Montana’s top four elected officials, Governor, two Senators and Representative, in the past, have supported continued federal control of the federal lands in Montana. These officials understand the obvious, the state simply could not afford to suppress the wildfires, keep forest roads usable, keep trails and campgrounds open and provide suitable habitat for the State’s fish and wildlife. Managing fire and these resources are a money drain and there is not enough economic income possible from timber and grazing to balance the costs, even if every commercial size tree was cut and cattle were allowed to over-graze every stream bank in Montana. Multiple use management requires tax payers from Iowa, Ohio, Florida, Massachusetts and every other state in the US, paying their taxes and Congress budgeting those taxes for all the things government does, including managing the National Forests.
After the snow is gone |
But, lets follow the scenario of state or private management of the National Forests and see where it would likely take us. Because the State could not afford to manage these lands, there would be talk of selling some or all of the lands and eventually that would happen. If the land went private, so would the water rights - somehow, sometime, because water and water rights are going to be worth so much more in the near future. The fish would not have enough money to buy enough water to live in, that water would be worth much more for irrigation downstream and that’s where it would go because the dollar value per acre-foot would be the only thing that mattered if the land and the water were privately owned. Cattle permitted to graze the National Forests now pay a fee less than $1.75 per animal-unit-month (kept artificially low by Congress) the going rate for grazing on private land in Montana ranges from $12 to $18 per animal-unit-month. If grazing was privately controlled, ranchers would have to pay the real commercial grazing rate rather than a subsidized grazing fee on National Forest and BLM lands. Many could not pay that amount and survive economically.
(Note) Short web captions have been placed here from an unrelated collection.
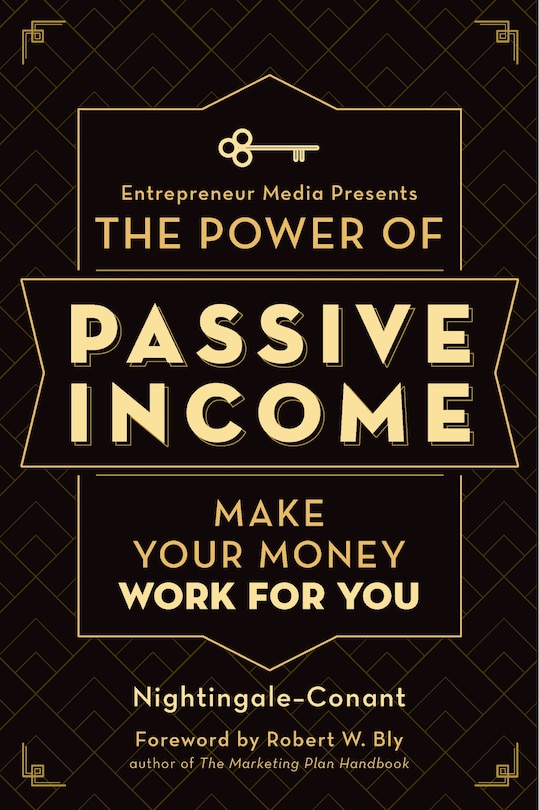 The Power Of Passive Income: Make Your Money Work For You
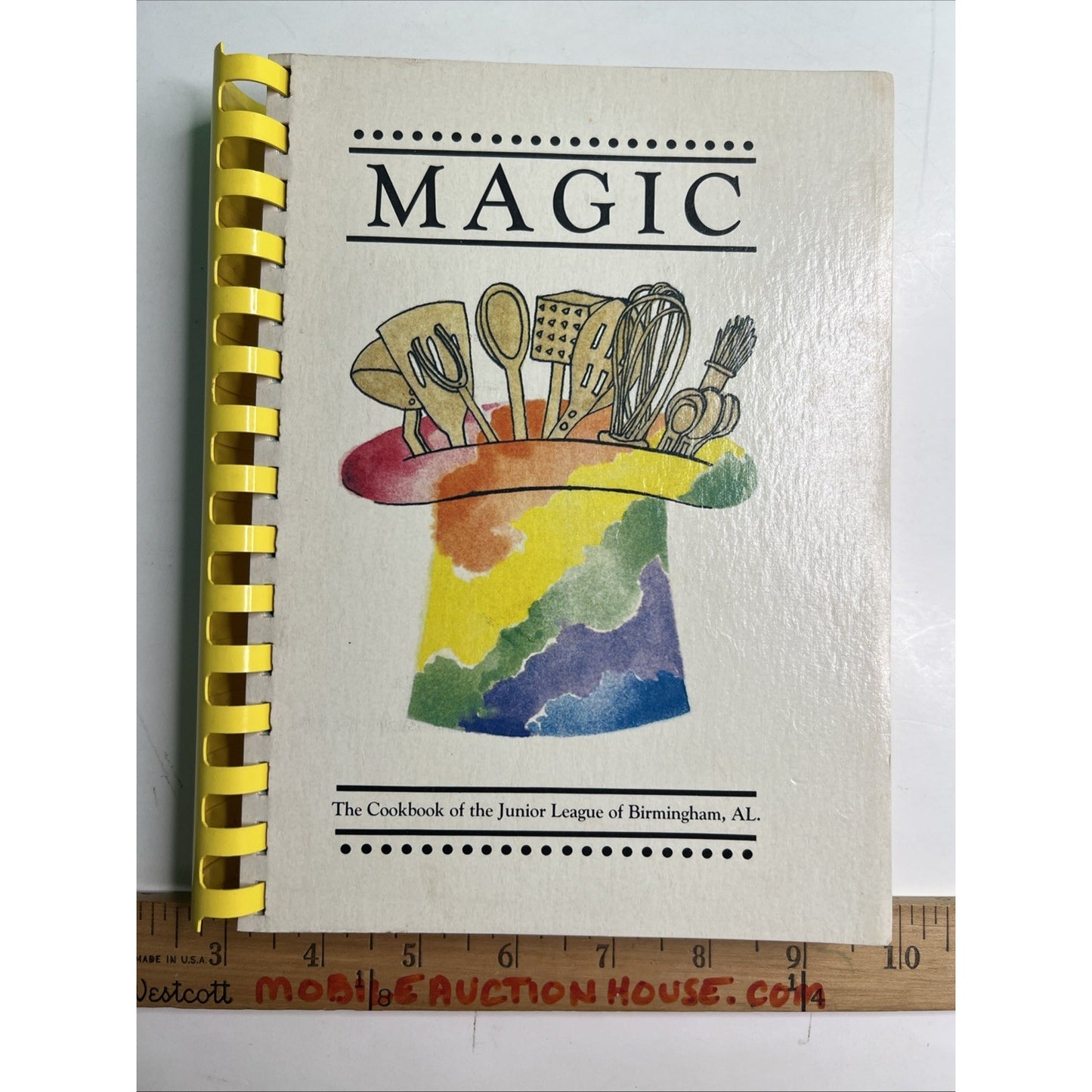 Magic: The Cookbook of the Junior League of Birmingham, AL 1982 2nd Printing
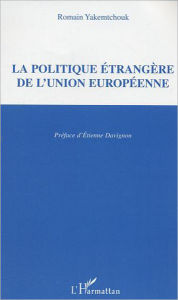 Title: La politique étrangère de l'Union européenne, Author: Romain Yakemtchouk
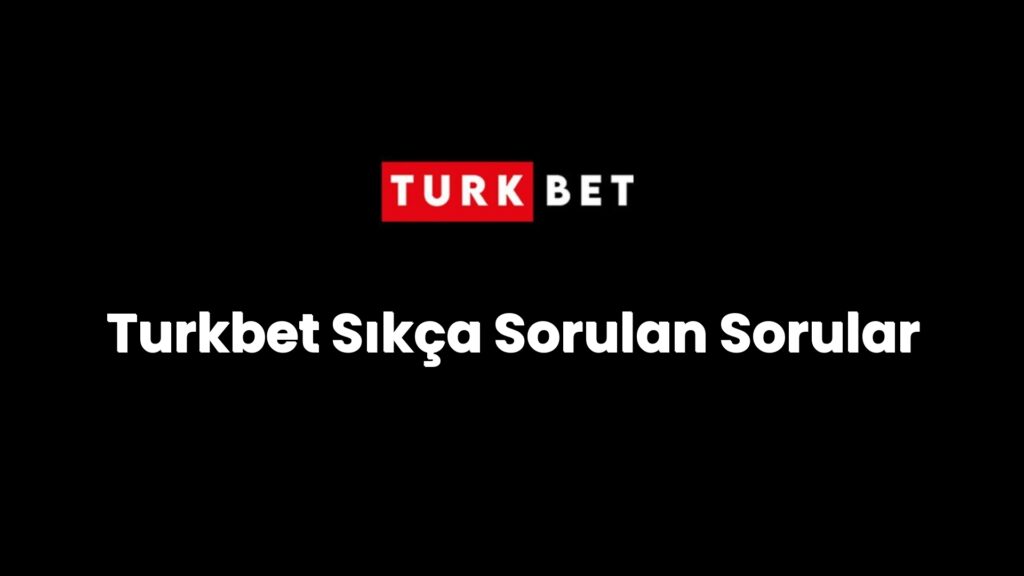 Turkbet Sıkça Sorulan Sorular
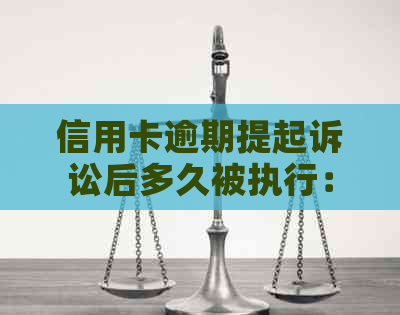 信用卡逾期提起诉讼后多久被执行：解答与影响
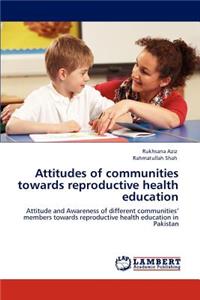 Attitudes of communities towards reproductive health education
Our public lands and their management are important issues to every one of us living in the American west - and the American east. When an elected official or a citizen group push for state control or privatization of Federal lands we need to know who is financing this drive and what they will be gaining from it. It is a pretty safe bet, whoever is putting out the money to push state control or privatization is not interested in benefiting the land, the wildlife or the way-of-life for those of us living here, they simply want to make more money - in the short term.
We need to be watchful and “pay forward” (safer and in better condition) what we have been given.
Jerry Covault
Jerry, Thanks for hosting this blog and for your piece in the Missoulian today. Paying it forward for future generations is the right motivation for federal land management, not a quick fix for some political gain. These lands are the birthright of Americans everywhere, the organizations behind the transfer movement like the American Lands Council don't see that value and have lured some of our state and local elected officials into their web.